Loading lesson…
Probing asks a simple question: given a model's hidden state, can a small classifier predict some property? The answer tells you what the model represents, whether or not it uses that information.
Take a labeled dataset — sentences marked 'positive sentiment' vs 'negative,' or 'factual' vs 'hallucinated.' Extract the model's hidden activations on each input. Train a small classifier (a probe) to predict the label from the activations. If it succeeds, the model represents that information somewhere.
Probing tells you what is in the water. It does not tell you what the fish is doing.

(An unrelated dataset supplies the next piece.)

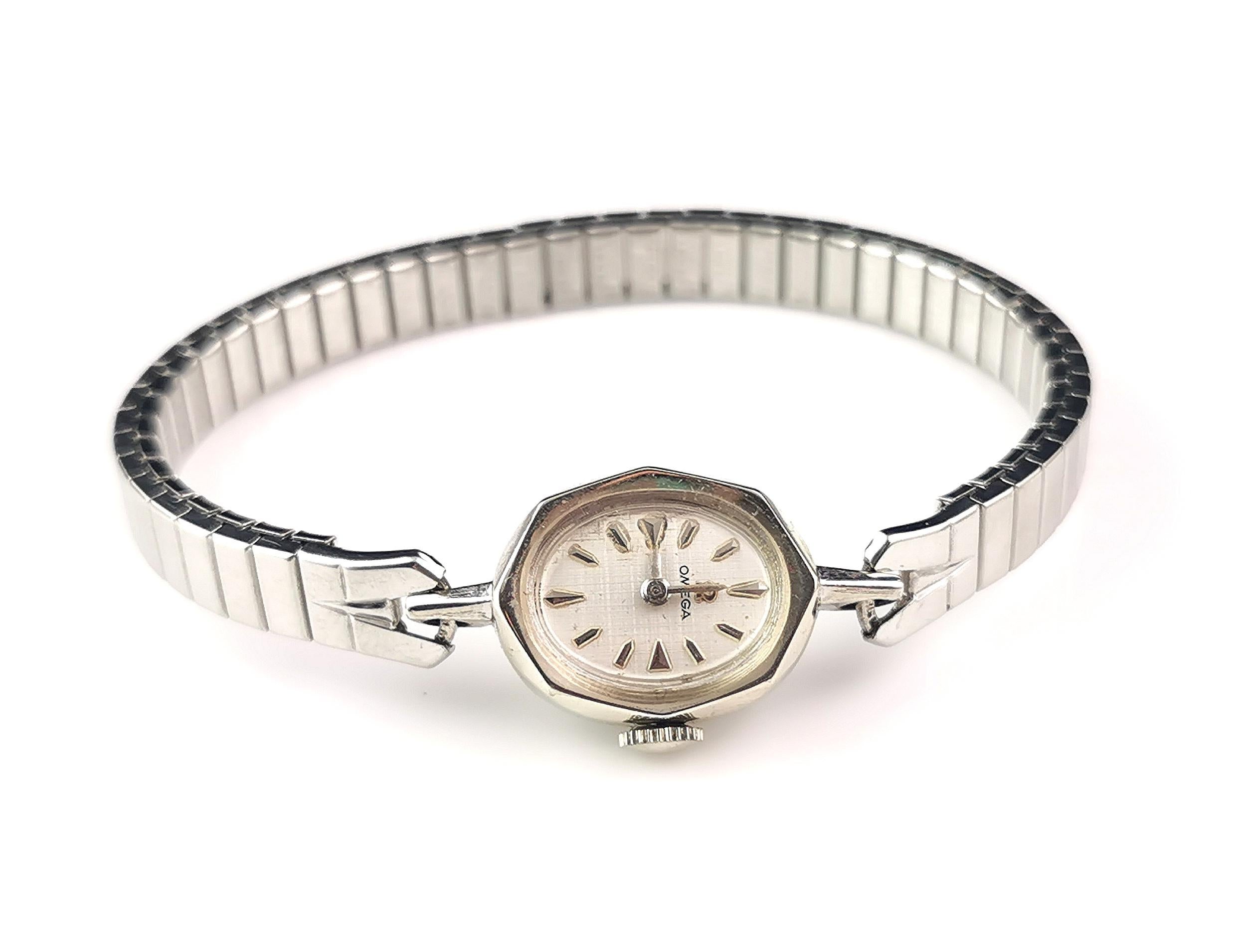 Rétro Montre-bracelet vintage Omega pour femmes en or blanc 14 carats plaqué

— Anna Rogers, on interpretability research (paraphrased)
The big idea: probing is the cheapest, oldest tool in the interpretability kit. It is also still one of the most useful, especially when paired with intervention experiments.
15 questions · take it digitally for instant feedback at tendril.neural-forge.io/learn/quiz/end-safety2-probing-creators
What is the core idea behind "Probing: Linear, Nonlinear, and Contrast"?

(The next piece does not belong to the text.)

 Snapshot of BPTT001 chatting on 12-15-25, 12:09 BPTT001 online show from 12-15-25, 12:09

Which term best describes a foundational idea in "Probing: Linear, Nonlinear, and Contrast"?
A learner studying Probing: Linear, Nonlinear, and Contrast would need to understand which concept?
Which of these is directly relevant to Probing: Linear, Nonlinear, and Contrast?
Which of the following is a key point about Probing: Linear, Nonlinear, and Contrast?
Which of these does NOT belong in a discussion of Probing: Linear, Nonlinear, and Contrast?
Which statement is accurate regarding Probing: Linear, Nonlinear, and Contrast?
Which of these does NOT belong in a discussion of Probing: Linear, Nonlinear, and Contrast?
What is the key insight about "Why linear matters most" in the context of Probing: Linear, Nonlinear, and Contrast?
What is the key insight about "The probing pitfall" in the context of Probing: Linear, Nonlinear, and Contrast?
Which statement accurately describes an aspect of Probing: Linear, Nonlinear, and Contrast?
What does working with Probing: Linear, Nonlinear, and Contrast typically involve?
Which best describes the scope of "Probing: Linear, Nonlinear, and Contrast"?
Which section heading best belongs in a lesson about Probing: Linear, Nonlinear, and Contrast?
Which section heading best belongs in a lesson about Probing: Linear, Nonlinear, and Contrast?